Intanto, l’Amministrazione ha acquistato – per una cifra pari a 9 miliardi e 700 milioni di lire, compresi i lavori strutturali, solai, impianto elettrico, fognature, ecc. – l’edificio nel quale sorgono le tre sale dell’India. Si tratta di due ambienti al piano terra, modulabili e capaci di ospitare fino a 300 spettatori e uno al piano superiore, non ancora agibile. Oltre alla zona di ingresso, sempre a livello terra, che va a creare un’enorme foyer. Data la stretta vicinanza delle sale – sono divise da una parete – esse non potranno, però, venire utilizzate contemporaneamente. Agli spettatori è riservata una gradinata di seggiolini, posti sul lato più corto della sala. Ma, il pubblico potrà accomodarsi anche lungo le pareti laterali, secondo le necessità dell’allestimento scenico.

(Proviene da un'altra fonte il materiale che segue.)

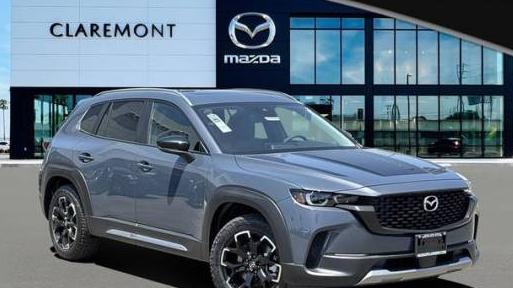 MAZDA CX-50 2024 7MMVABXYXRN232258 image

La biglietteria e il bar, invece, si trovano tra le vecchie mura dell’ex deposito per l’acido solforico – al di là del largo piazzale – che potrà, anch’esso, trasformarsi in spazio teatrale all’aperto.

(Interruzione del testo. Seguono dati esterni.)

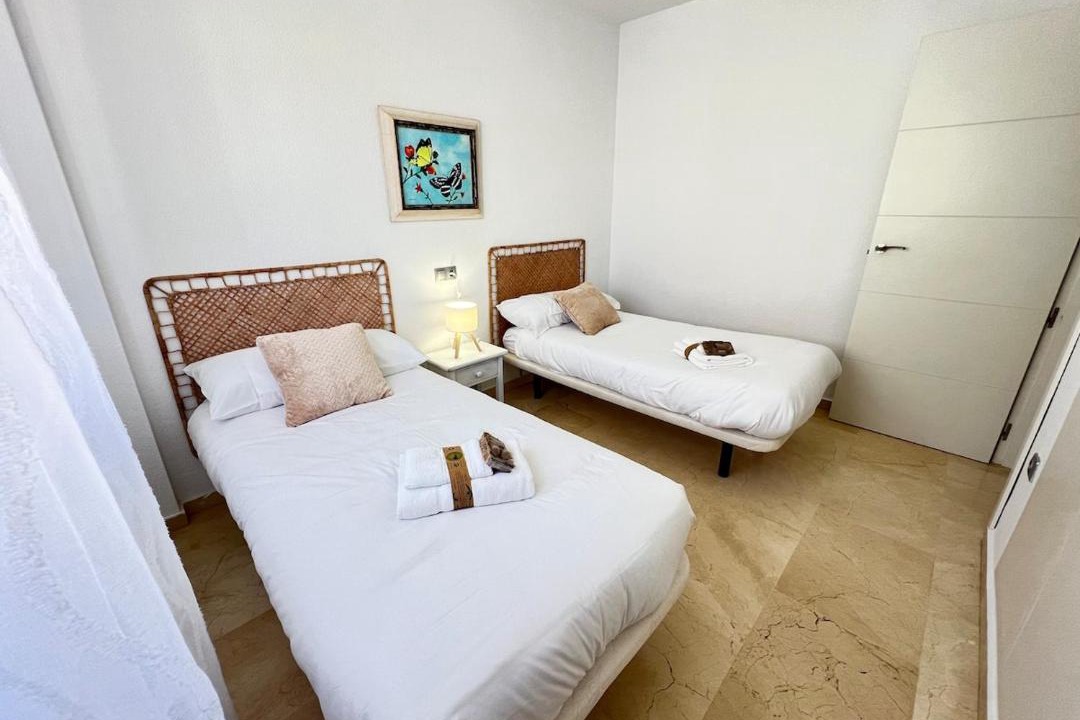 Photo of Bedroom in Albolote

La rivivibilità di questa prima area dell’ex fabbrica della Mira Lanza ha implicato anche una piccola rivoluzione del territorio con la riconquista di Lungotevere dei Papareschi – subito prima/dopo Ponte dell’Industria, quello che i romani chiamano Ponte di Ferro. Da quel tratto scomparso e sconosciuto ai più, dove il fiume scorre senza argini tra la vegetazione, ora si accede al Teatro India. In questo spazio inconsueto si snoderà un programma di spettacoli che non vuole, però, contrapporsi al cartellone dell’Argentina, ma anzi con quest’ultimo procedere su di un medesimo binario, associando tradizione e ricerca. E, a parte la politica dei prezzi che ha bloccato il costo del biglietto a 20.000 lire, è stata messa a punto una nuova ipotesi di “abbonamento”, non individuale e aperto all’acquisto, a metà prezzo, di quanti più biglietti si voglia, secondo la quota prepagata (cento, centocinquanta o duecento mila lire). Un’idea, questa “carta teatro”, che – ha sottolineato Martone – sta già provocando lunghe file al botteghino.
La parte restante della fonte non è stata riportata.